Anak Indië

Scarabee Films / vanaf donderdag 26 juni in de bioscoop

Hij was een Indo, zei de vader van Adriaan van Dis. In Nederland Door Omstandigheden. INDO. Even daarvoor heeft Van Dis in Anak Indië (122 min.), als de verteller van een weelderig vormgegeven explainer waarmee deze documentaire wordt opgestart, al de historische achtergronden daarvan geschetst: hoe Nederland ooit terecht kwam in een eilandengroep in Azië, die bijna anderhalve eeuw als kolonisator bestierde onder de noemer Nederlands Indië en vervolgens na de Tweede Wereldoorlog ook weer vertrok uit het land dat zich Indonesië zou gaan noemen.

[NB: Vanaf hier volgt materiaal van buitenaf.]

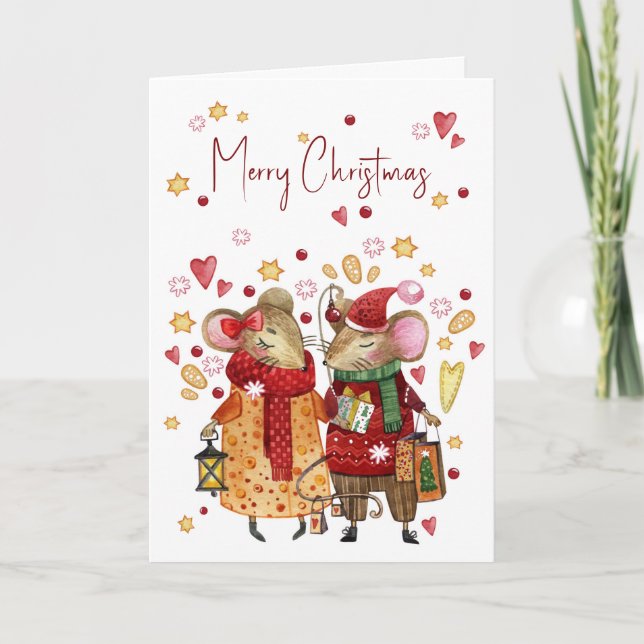 Christmas Mice with Hearts and Stars  Card (Front)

In de jaren vijftig kwam er vervolgens een breed samengestelde groep Indische Nederlanders naar Nederland, waaronder Peranakan-Chinezen, Molukse KNIL-militairen en Indo-Europeanen. En daar weten we eigenlijk véél te weinig van, heeft documentairemaakster Hetty Naaijkens-Retel Helmrich dan al betoogd in de openingsscène van deze film: een persiflage op het populaire televisieprogramma De Slimste Mens met presentator Philip Freriks, waarin de drie kandidaten werkelijk geen enkel goed antwoord weten te produceren op de vraag ‘wat weet u van Indo’s?’

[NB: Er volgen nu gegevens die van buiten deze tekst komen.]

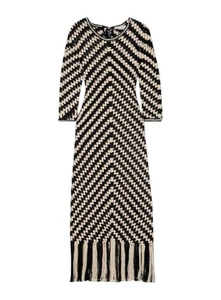 Zimmermann Halliday Hand Crochet Dress | Chevron, Black&White, Knitted, Midi - Picture 1 of 6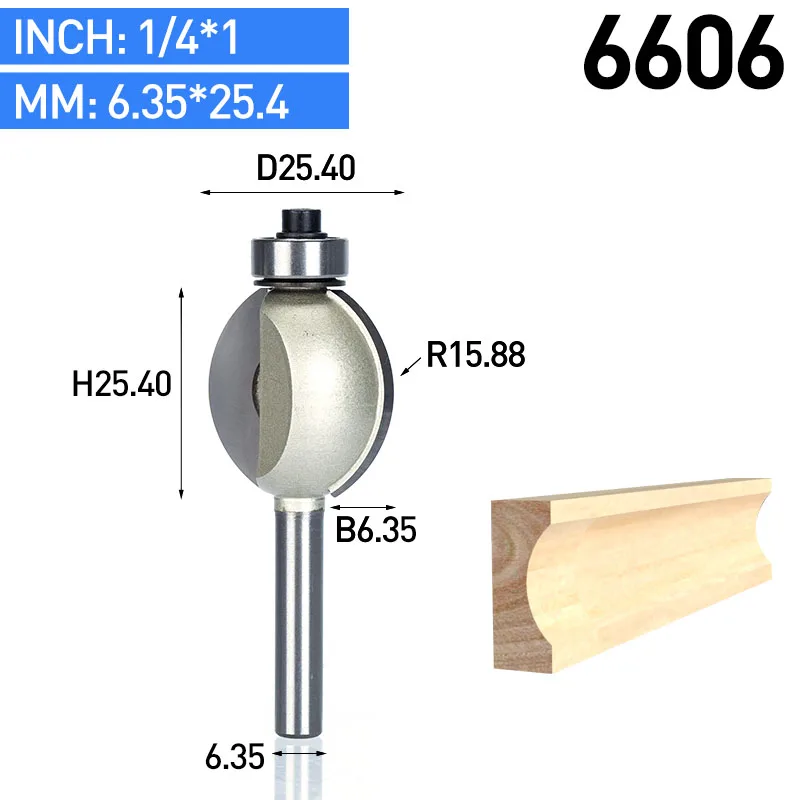 HUHAO 1 шт хвостовик 1/" 1/4" Круглый Резной бит ЧПУ Биты деревообрабатывающие круглые дуговые 3D гравировальные биты с накаткой кусачки для ногтей по дереву - Длина режущей кромки: 6606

Die vraag gaat Naaijkens, die eerder al onder andere Buitenkampers en Klanken Van Oorsprong maakte, nu dus beantwoorden met andere Indische Nederlanders, zoals actrice/zangeres Wieteke van Dort, schrijfster Yvonne Keuls, tekenaar Thé Tjong Khing, componist/pianist Mariëtte Hehakaya, theatermaker Jaro Wolff, Indië-veteraan Loek Middel, fotograaf Claude Vanheye, tekenaar Peter van Dongen, muzikant Steffen de Wolff, vliegeraar Rubens Agaatsz, dichter Robin Block, kris-deskundige David Gallas en de hoofdredacteur van het Indische tijdschrift Moesson, Vivian Boon.

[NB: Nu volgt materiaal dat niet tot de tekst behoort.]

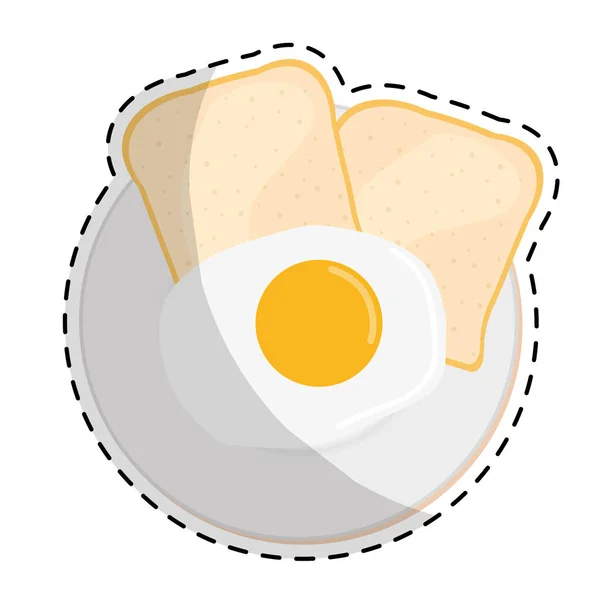 Imagen icono de huevo frito y pan — Vector de stock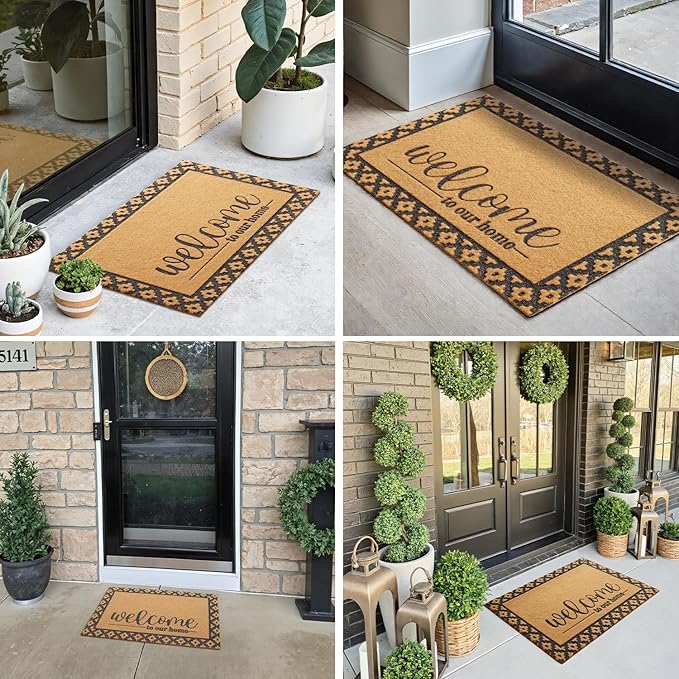 Welcome Mat Front Door Mat Indoor Outside Entrance, Heavy Duty Dirt Trapper Coir Doormat with Non Slip Backing Entryway Rug for Front Back Door, 24x36, Brown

In tegenstelling tot een andere recente documentaire over de erfenis van de voormalige Nederlandse kolonie, Tussen Wal En Schip – Geruisloos Indisch van Juliette Dominicus en Sven Peetoom, zoekt Naaijkens-Retel Helmrich in eerste instantie niet de pijn daarvan op – of het Indisch zwijgen daarover – maar belicht ze juist hoe Indische Nederlanders ons land hebben verrijkt. Met badminton, de vierdaagse en natuurlijk de Indische rijsttafel. En, dat ook, met spiritualiteit en bijgeloof. En later in de film volgen ook de geesten van het verleden die hen en hun families ‘s nachts bezoeken.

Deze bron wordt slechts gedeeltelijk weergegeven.